**Data extract:**
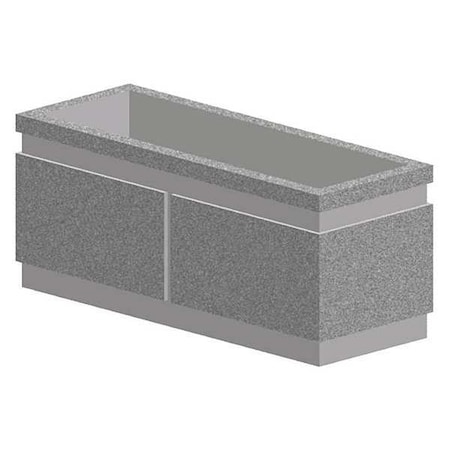 Petersen Manufacturing 18" x 48" Security Planter, Concrete P18X48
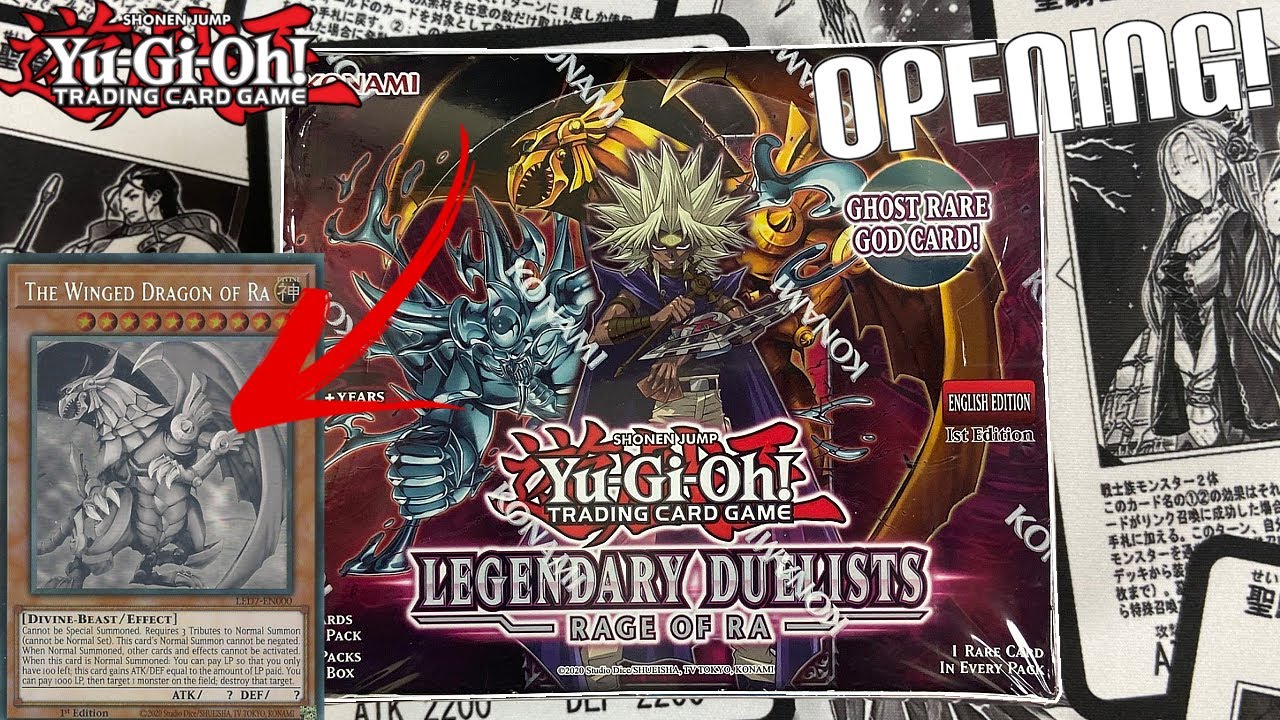 Возвращение редких призраков! Легендарные дуэлянты Yu-Gi-Oh! Открытие Rage of Ra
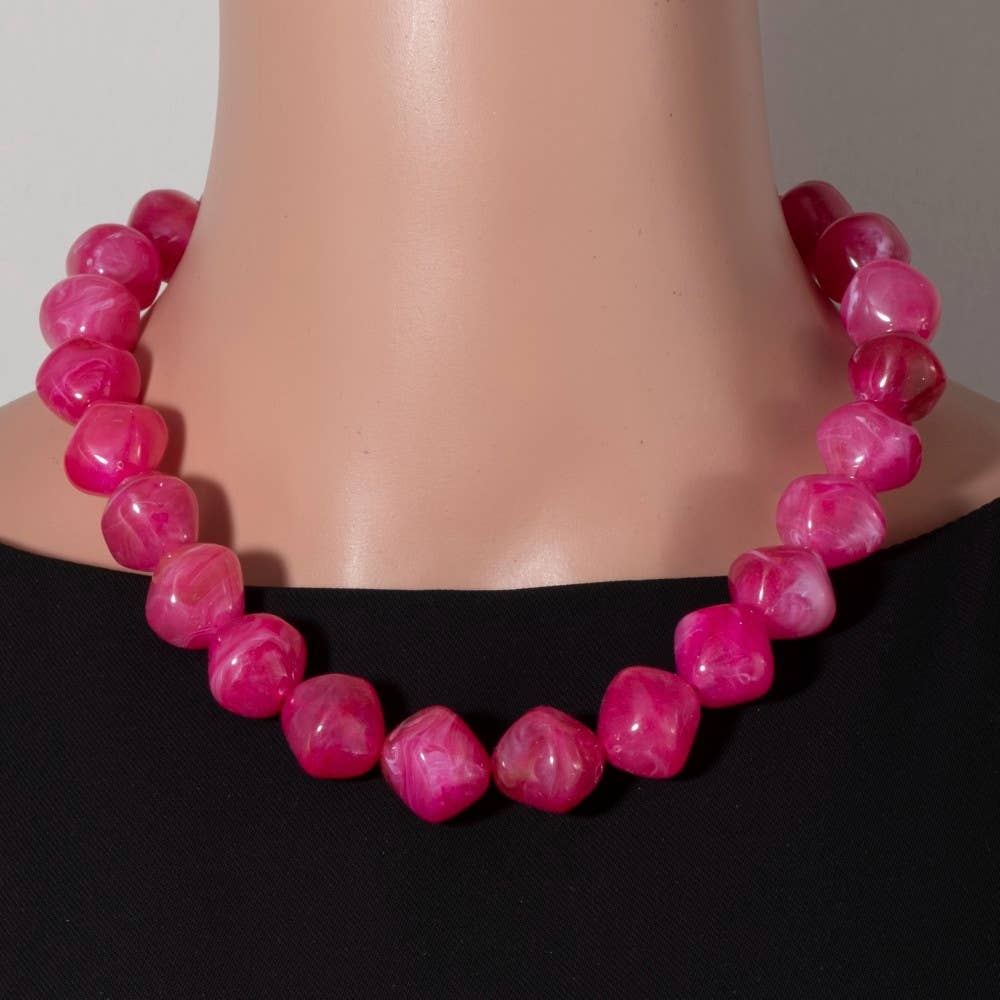 Marble Muse Necklace-Necklaces-The Looks by Fame Accessories-Stuffology - Where Vintage Meets Modern, A Boutique for Real Women in Crosbyton, TX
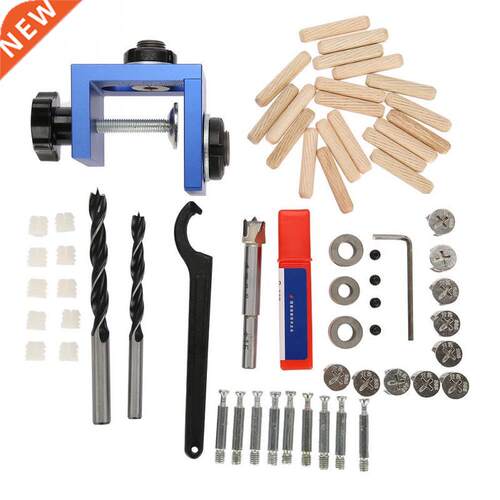 Dowel Hole Drilling Guide Jig Kit Carpentry Positioner Tools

**Problem statement:**
Only exact repeats of the lines from the one containing "Возвращение редких призраков!" through the end of the listing above are wanted here; pictures are not.

**Written response:**
 Возвращение редких призраков! Легендарные дуэлянты Yu-Gi-Oh! Открытие Rage of Ra
 Marble Muse Necklace-Necklaces-The Looks by Fame Accessories-Stuffology - Where Vintage Meets Modern, A Boutique for Real Women in Crosbyton, TX
 Dowel Hole Drilling Guide Jig Kit Carpentry Positioner Tools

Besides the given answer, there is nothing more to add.